= REQUIRED WORK =
For the entries below, the expected answer is the line with "Teleskopinis dušo strypas", the line with "Gros plan d'une", and every line between them, exactly as written, and nothing more.

= MATERIALS PROVIDED =
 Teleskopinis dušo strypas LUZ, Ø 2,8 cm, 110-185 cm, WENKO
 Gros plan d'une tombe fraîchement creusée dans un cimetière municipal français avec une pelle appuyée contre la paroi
* * *
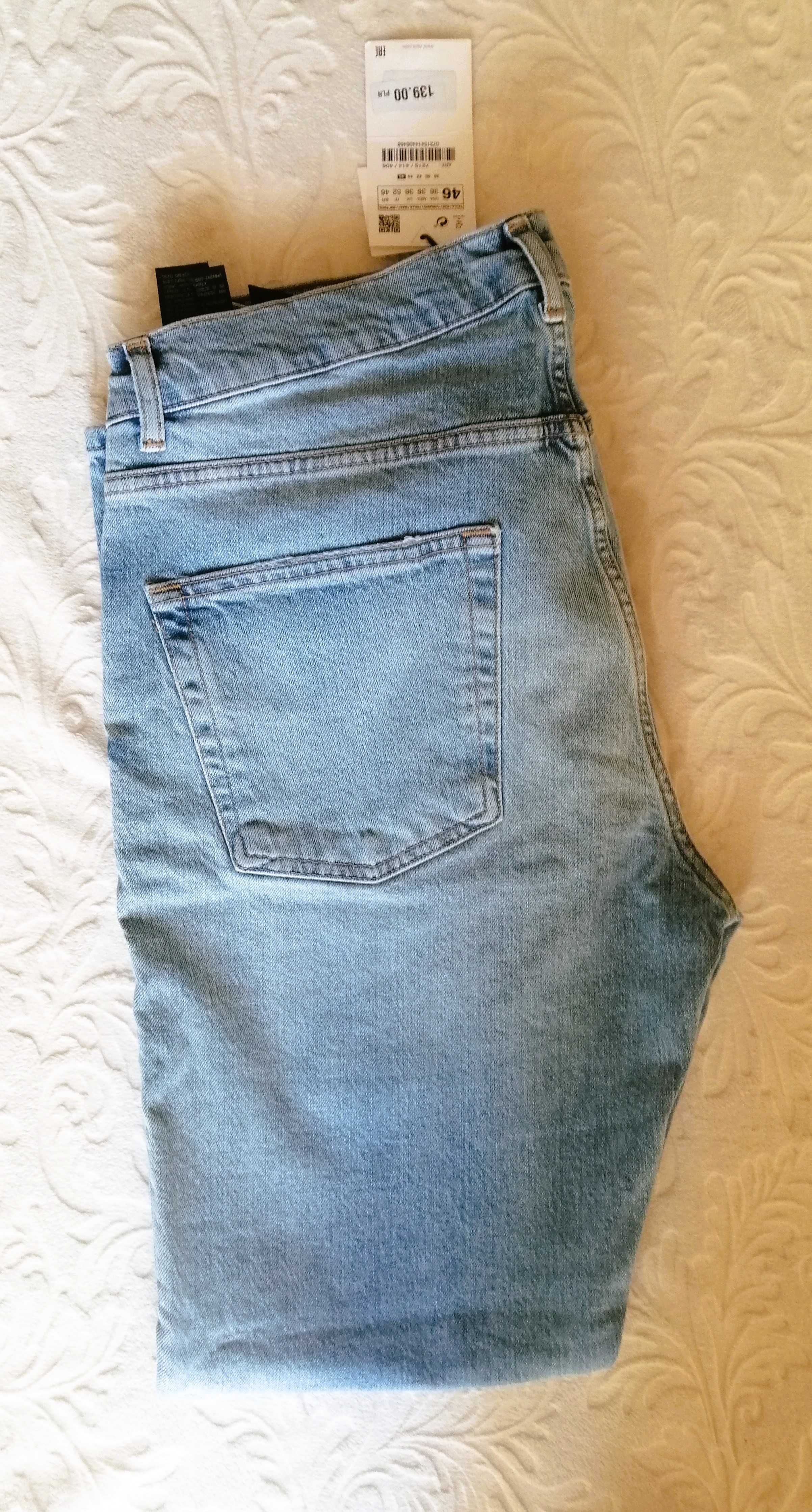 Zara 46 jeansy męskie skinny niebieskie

= YOUR SOLUTION =
 Teleskopinis dušo strypas LUZ, Ø 2,8 cm, 110-185 cm, WENKO
 Gros plan d'une tombe fraîchement creusée dans un cimetière municipal français avec une pelle appuyée contre la paroi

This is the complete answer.